### GIVEN DATA
↓↓↓
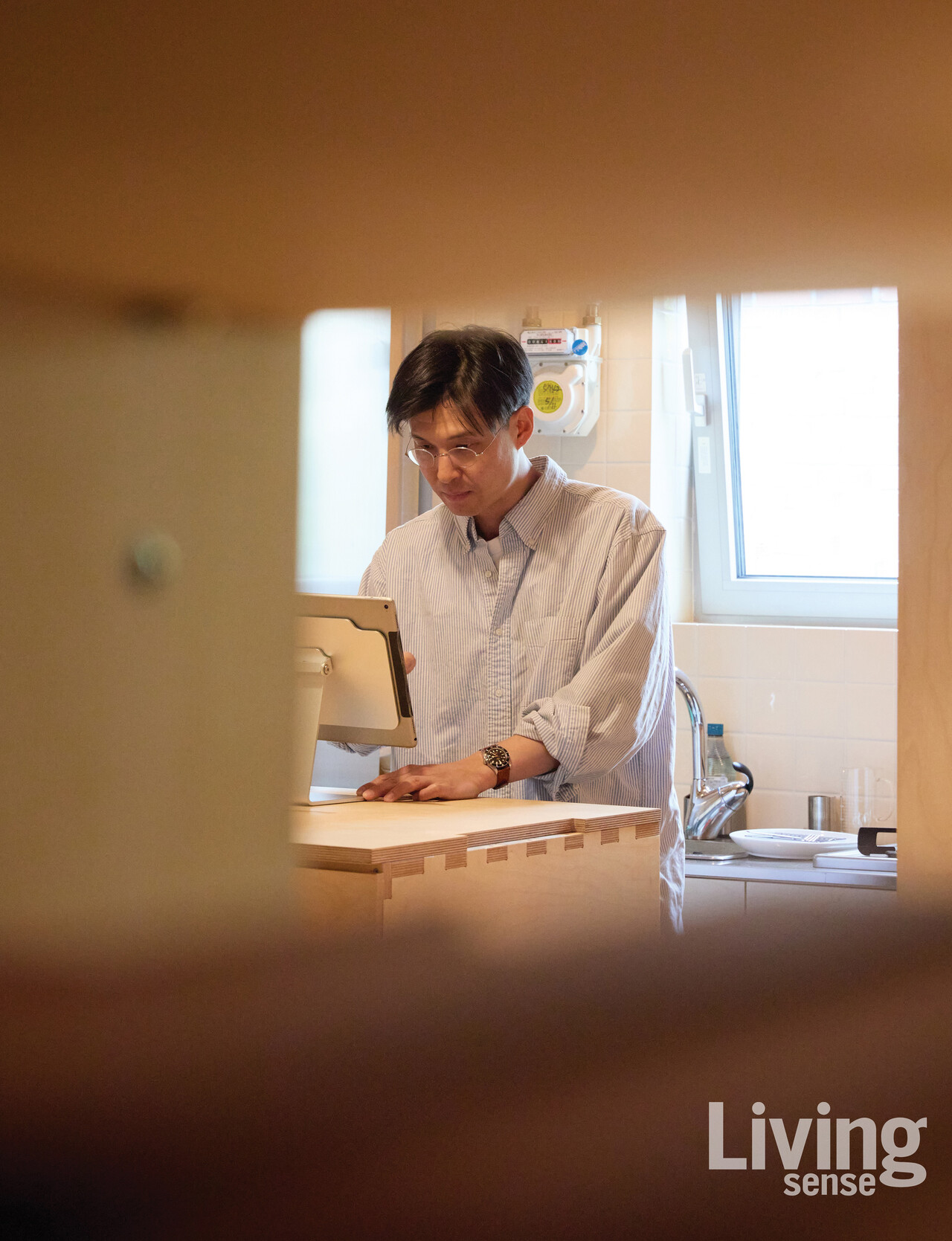 〈크로노스〉,〈에스콰이어〉,〈아레나옴므플러스〉등을 거쳐 현재 프리랜서로 활동하는 박찬용 에디터. 그는 가장 효율적인 방식으로 기능과 취향 사이의 균형을 맞춰 집을 꾸몄다.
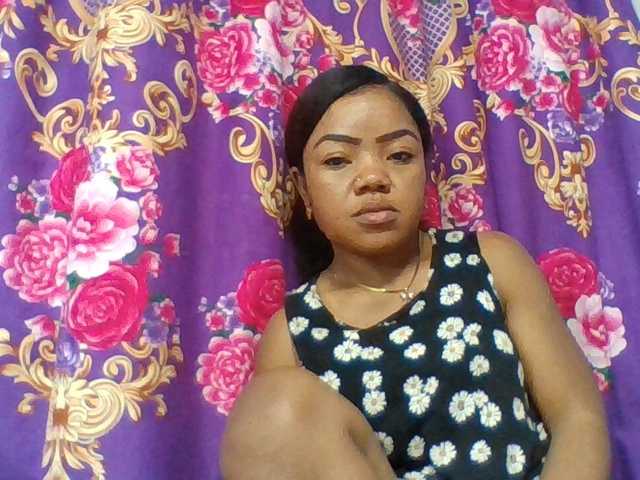 Elyah1a live cam on BongaCams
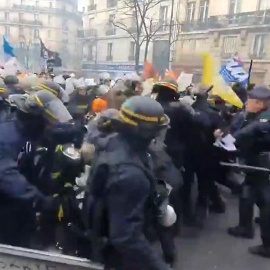 París en tensión: las manifestaciones se vuelven más violentas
↑↑↑
### DIRECTIONS
Reproduce all lines above exactly. Leave the images out.

### ANSWER FOR THE TASK
 〈크로노스〉,〈에스콰이어〉,〈아레나옴므플러스〉등을 거쳐 현재 프리랜서로 활동하는 박찬용 에디터. 그는 가장 효율적인 방식으로 기능과 취향 사이의 균형을 맞춰 집을 꾸몄다.
 Elyah1a live cam on BongaCams
 París en tensión: las manifestaciones se vuelven más violentas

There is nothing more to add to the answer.